On trains from Ukraine, people often spend long hours on the ground. | Photo: Anna Aljeksjejevova
“Waiting for me to wake up”
She hadn’t planned in advance to go to Prague. As she was about to leave Ukraine, her sister, who was already in Estonia at the time, was looking for a place to lay Anna’s head. On social networks, she got in touch with a woman who promised to meet Anna in Prague and help her at first. That’s why she headed for the Czech capital. She stayed with a Facebook woman for a few days, then moved to an apartment in Prague 5, where she can live for free for a month.

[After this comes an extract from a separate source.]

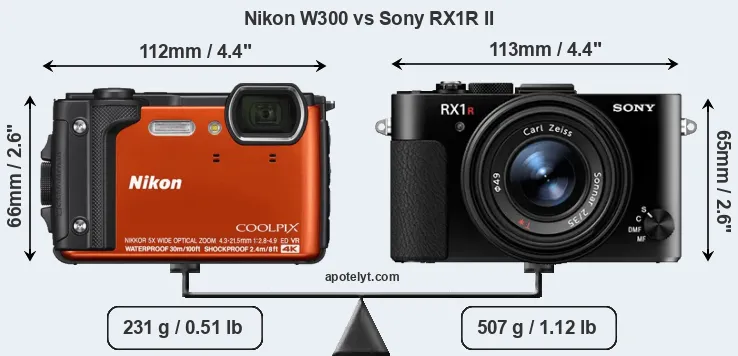 Size Nikon W300 vs Sony RX1R II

He doesn’t have a permanent home or a job yet, he has to start from scratch. In time, she would like to start working in a cafe or a bakery, but now she is said to be happy for any job. He also wants to learn Czech as soon as possible. “When I get a job and a longer life, then I’ll calm down. Then, over time, maybe they’ll start thinking about traffic jams again,” he says. She had to leave the ones she was preparing for International Women’s Day in Mykolaiv. “It all stayed there. I left it with my mother, she can eat it or give it away.”
Photo: Jakub Plihal
He now spends his time looking for work and getting around the authorities, but he also constantly checks on the situation at home. “You never know what will happen the next day. My mother and brother stayed in Ukraine with my wife and two children. They find it difficult to work because everything is closed there. The situation is complicated. there’s not much food in the shops, people need medicine, when there’s a power cut, people can’t even charge their cell phones, and then I can go crazy if I can’t connect with them,” he says.
He stops several times during the speech when a helicopter or a child starts screaming. It is also said that he is afraid of loud noises. “We are here and we are very grateful for the help. But we all feel guilty that we left and that our loved ones remained in Ukraine. There is a new challenge for me every day now. I live day to day. It’s like a nightmare and I’m waiting, when I wake up from it, “adds Anna Aljeksjejev.